A flexibility-oriented bidding strategy for virtual power plants incorporating local energy communities: A bi-level stochastic-robust methodology

Recent increases in flexibility requirements for power systems with high penetration of renewable energy sources (RESs) highlight the substantial potential of market mechanisms to unlock customer flexibility. However, market-based frameworks inherently involve conflicting objectives among players and face significant challenges in coordinating demand-side flexibility under uncertainty, where the virtual power plant (VPP) concept can offer surplus benefits to various players. This paper proposes a risk-aware bidding and pricing strategy for VPPs to enable market-based flexibility provision concerning the cost and availability of distributed energy resources (DERs), which fully reveals the role of local energy communities (LECs).
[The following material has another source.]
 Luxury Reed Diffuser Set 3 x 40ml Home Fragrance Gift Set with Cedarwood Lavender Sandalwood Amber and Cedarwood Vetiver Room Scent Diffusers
To this end, a novel bi-level stochastic-robust method is developed that optimizes bidding strategy for VPP aggregators in both the day-ahead (DA) energy and flexibility markets while managing risk to reach acceptable levels. In the proposed structure, the VPP manages energy trading and exploits the locational flexibility of resources to maximize its profit at the upper level. In contrast, the energy cost of the participating LECs is minimized at the lower level based on dynamic retail prices. A two-stage stochastic-robust approach is used to cope with the uncertainties associated with the DERs and risk of bidding strategy. The proposed model has been formulated mathematically as a mixed integer linear programming (MILP) problem, ensuring the globally optimal solution is obtained. Through several numerical studies using IEEE standard test systems, the obtained results show that the flexible robust strategy bidding is profitable while reducing the risk for VPP, considering the community manager’s preference.